The architecture model was modified with different processor configurations, such as number of execute model objects and number of dispatches per cycle, and the different architecture models were simulated using the same software trace. FIGS. 22A, 22B, 22C, and 22D show, in a graphical format, performance information for a modified processor and SoC performance analysis of software benchmark trace on the architecture model of the modified processor architecture.

FIG. 23 illustrates an example set of processes 2300 used during the design, verification, and fabrication of an article of manufacture such as an integrated circuit to transform and verify design data and instructions that represent the integrated circuit. Each of these processes can be structured and enabled as multiple modules or operations. The term ‘EDA’ signifies the term ‘Electronic Design Automation.’ These processes start with the creation of a product idea 2310 with information supplied by a designer, information which is transformed to create an article of manufacture that uses a set of EDA processes 2312. When the design is finalized, the design is taped-out 2334, which is when artwork (e.g., geometric patterns) for the integrated circuit is sent to a fabrication facility to manufacture the mask set, which is then used to manufacture the integrated circuit. After tape-out, a semiconductor die is fabricated 2336 and packaging and assembly processes 2338 are performed to produce the finished integrated circuit 2340.

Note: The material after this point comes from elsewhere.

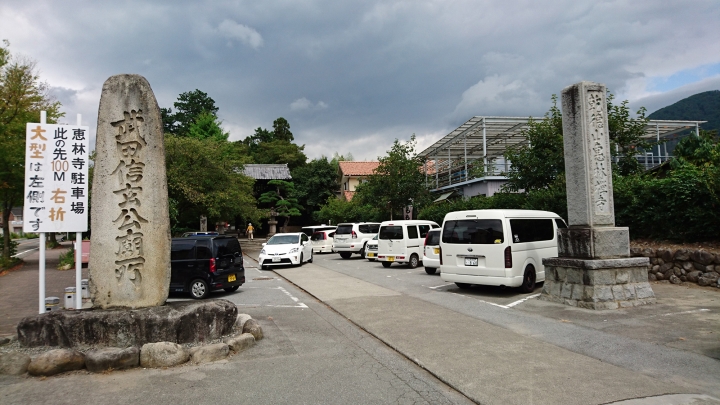 東日本戰國名城之旅 DAY 1 & 2 山梨 長野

Specifications for a circuit or electronic structure may range from low-level transistor material layouts to high-level description languages. A high-level of representation may be used to design circuits and systems, using a hardware description language (HDL) such as VHDL, Verilog, System Verilog, SystemC, MyHDL or Open Vera. The HDL description can be transformed to a logic-level register transfer level (RTL) description, a gate-level description, a layout-level description, or a mask-level description. Each lower representation level that is a more detailed description adds more useful detail into the design description, for example, more details for the modules that include the description. The lower levels of representation that are more detailed descriptions can be generated by a computer, derived from a design library, or created by another design automation process. An example of a specification language at a lower level of representation language for specifying more detailed descriptions is SPICE, which is used for detailed descriptions of circuits with many analog components. Descriptions at each level of representation are enabled for use by the corresponding systems of that layer (e.g., a formal verification system). A design process may use a sequence depicted in FIG. 23. The processes described by be enabled by EDA products (or EDA systems).

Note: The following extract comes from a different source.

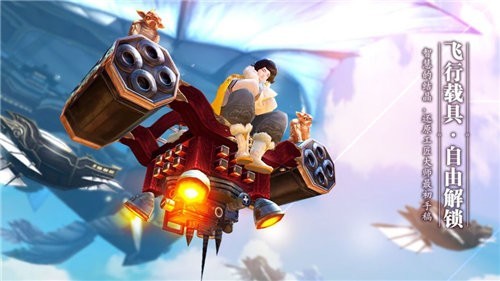 伏天氏之璃圣之润截图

During system design 2314, functionality of an integrated circuit to be manufactured is specified. Simulation of a processor and/or SoC may occur during system design 2314, and system design 2314 may further include architecture exploration as described previously. The design may be optimized for desired characteristics such as power consumption, performance, area (physical and/or lines of code), and reduction of costs, etc. Partitioning of the design into different types of modules or components can occur at this stage.

During logic design and functional verification 2316, modules or components in the circuit are specified in one or more description languages and the specification is checked for functional accuracy. For example, the components of the circuit may be verified to generate outputs that match the requirements of the specification of the circuit or system being designed. Functional verification may use simulators and other programs such as testbench generators, static HDL checkers, and formal verifiers. In some embodiments, special systems of components referred to as ‘emulators’ or ‘prototyping systems’ are used to speed up the functional verification.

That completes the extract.